In 2005 Hicks met with and provided a letter to Australian consular official John McAnulty, outlining his treatment in Guantanamo. Hicks described being chained to the floor for so long that he had to urinate on himself, and the use of "noise machines" — either bladeless chainsaw engines revving constantly or loud music or sounds being sent through the camps.
After reporting these issues to McAnulty, Hicks was moved to a camp designated for reprimanding detainees; Hicks and his lawyers saw this as a punishment for raising concerns over his treatment to Australian officials. Hicks’ letter also has never been released publicly.
Heavily redacted documents from Department of Foreign Affairs and Trade, obtained through a Freedom Of Information request, include a Record of Conversation between Hicks’ lawyer and Downer on 19 February 2007. Others present included Downer’s then Chief of Staff Chris Kenny, and adviser Angela Macdonald. Downer is recorded as saying:
"…he had varying degrees of worry for people held overseas….the case had progressed beyond the point where the Australian government could simply ask for Mr Hicks’ return; but a plea bargain option might perhaps get him back into Australia more quickly than proceeding with a full hearing….that while lawyers might take the view that the implications of a plea bargain would be to give credence to the military commission process…surely the best thing for Mr Hicks would be to get out of Guantanamo Bay…the government’s position remained that he should face charges. If a trial could be expedited or Mr Hicks accepted a plea bargain — that would be a win/win…"
Howard certainly did not allude to this "win/win" proposition when quizzed on a television program in 2012, and obviously any win/win scenario was unconcerned with natural justice or due process for Hicks. Following the recent Hamdan decision that confirmed that the charge "material support for terrorism" was not a valid war crime, Hicks has publicly stated that all he wants is for an investigation into his case.
The Australian government has a responsibility under international law to independently investigate allegations of torture made by Australian citizens being held abroad, particularly if it is in their power to have them returned to Australia. It apparently does not do so. The WikiLeaks cable makes it clear that protecting US interests is more important in Hicks’ case than protecting an Australian citizen.
We must hold to account those responsible for colluding in arbitrary, unlawful, indefinite detention. We must hold to account those who are complicit in crimes against humanity even if that extends to prime ministers, ministers or ministerial advisers.
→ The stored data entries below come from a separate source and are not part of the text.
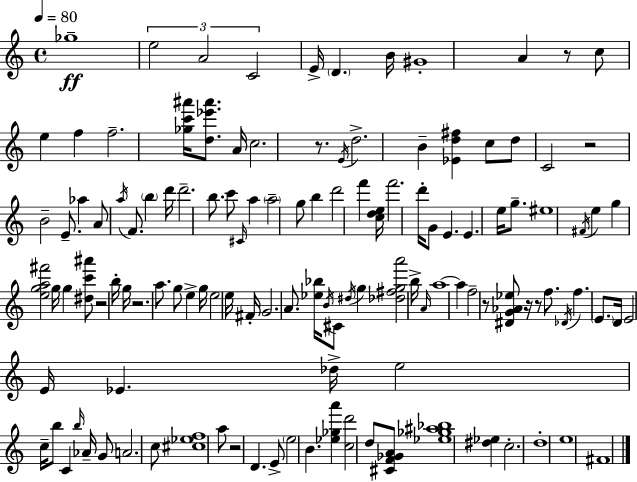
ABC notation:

X:1
T:Untitled
M:4/4
L:1/4
K:Am
_g4 e2 A2 C2 E/4 D B/4 ^G4 A z/2 c/2 e f f2 [_gc'^a']/4 [d_e'^a']/2 A/4 c2 z/2 E/4 d2 B [_Ed^f] c/2 d/2 C2 z2 B2 E/2 _a A/2 a/4 F/2 b d'/4 d'2 b/2 c'/2 ^C/4 a a2 g/2 b d'2 f' [cde]/4 f'2 d'/4 G/2 E E e/4 g/2 ^e4 ^F/4 e g [ega^f']2 g/4 g [^dc'^a']/2 z2 b/4 g/4 z2 a/2 g/2 e g/4 e2 e/4 ^F/4 G2 A/2 [_e_b]/4 B/4 ^C/2 ^d/4 g [_d^fga']2 b/4 A/4 a4 a f2 z/2 [^DG_A_e]/2 z/4 z/2 f/2 _D/4 f E/2 D/4 E2 E/4 _E _d/4 e2 c/4 b/2 C b/4 _A/4 G/2 A2 c/2 [^c_ef]4 a/2 z2 D E/2 e2 B [_e_ga'] [cd']2 d/2 [^CF_GA]/2 [_e_g^a_b]4 [^d_e] c2 d4 e4 ^F4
We can no longer accept that those who are accused of torture should be able to investigate themselves, nor can we accept inadequate internal reviews.
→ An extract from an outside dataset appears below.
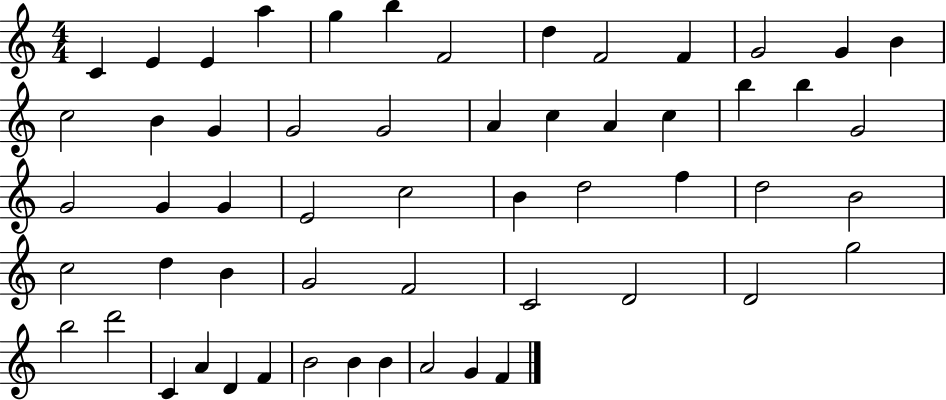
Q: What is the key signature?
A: C major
We must object to our government relying on diplomatic assurances about torture or degrading treatment if it permits the transfer of Australian citizens to foreign countries, and we must press our government to block the feeding of questions and information between intelligence services around the world where the major interrogation technique is torture.
And for the future, we must insist that protocols are put in place to ensure that all information concerning instances of actual and alleged personal abuse or torture is made public.